Friday, November 7, 2008

A "Just Foreign Policy"

Even as we bask in the afterglow of a truly monumental election, the current resident of the Oval Office has signed (with a big grin) the largest military budget in history (for fiscal year 2009). It weighs in at a paltry $512 billion (and that's just for starters); you can see what the extras will probably cost us in my October 22nd blog posting, Our Runaway "Defense" Budget. In the past eight years the Bush administration has taken decades of foreign policy already designed with the National Security State in mind and has raised it to unimaginable heights (or perhaps taken it to new lows).

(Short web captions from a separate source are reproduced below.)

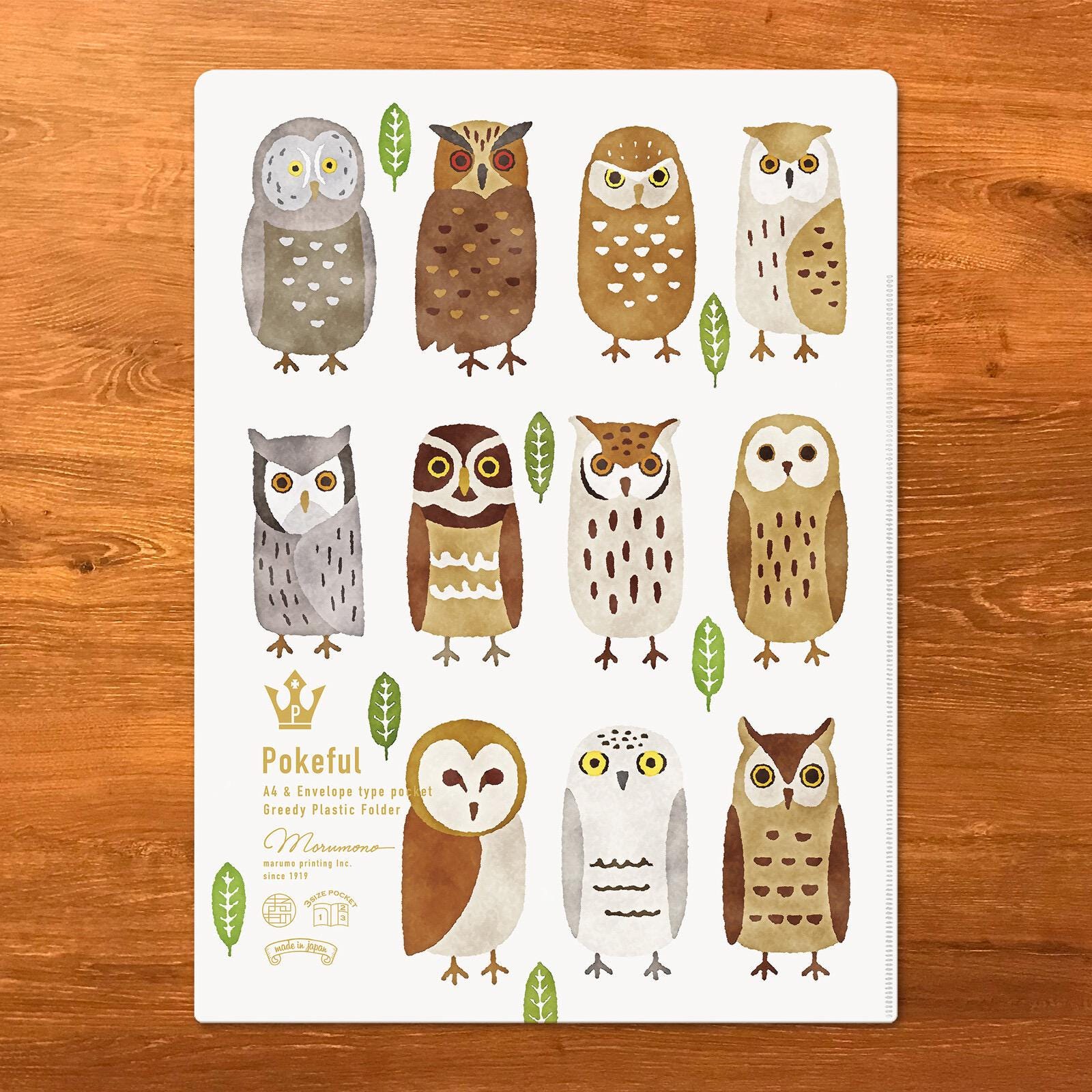 Clear File, A4, Owls - Scents of Japan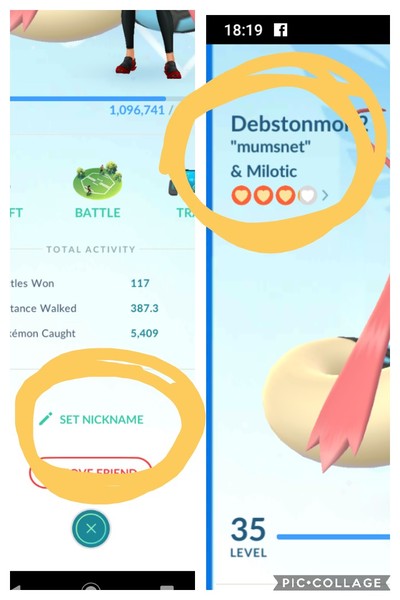 Pokemon Go Thread #29: Are Friends Manectric? Are they?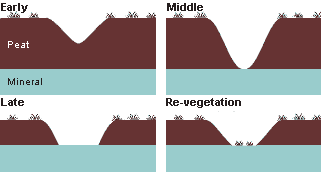 The four stages of gully erosion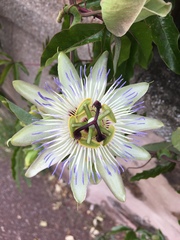 Passiflora caerulea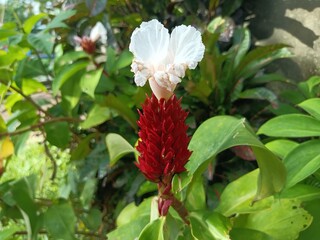 Crepe ginger. It is also known as spiral ginger, or variegated ginger. Hellenia speciosa. Previously, it was Costus speciosus and Cheilocostus speciosus.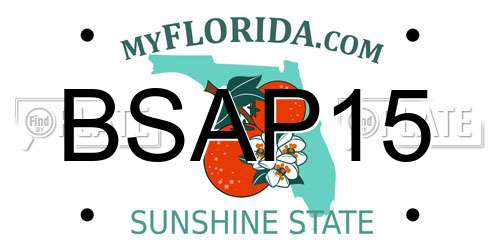 BSAP15 Florida License Plate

Our current foreign policy is centered on a perpetual War On Terror that has sucked the life out of the remains of our nation's diplomatic service as it pumped vast amounts of money and human resources into military “solutions” and interventions around the world. It was once said that “the sun never sets on the British Empire.” And so, with over 700 U.S. military bases encircling the globe, the sun now never sets on the American Empire.

However, the signs are clear (just as they were with the British Empire) that the days of the American Empire are on the wane. It is all about power, and the balance (or imbalance) thereof. For decades the two Superpowers wielded immense power that affected every corner of the globe, and today America still attempts to wield (hard) power in an unbridled fashion without a thought of engaging in meaningful dialogue with other nations (except in token ways or after the fact).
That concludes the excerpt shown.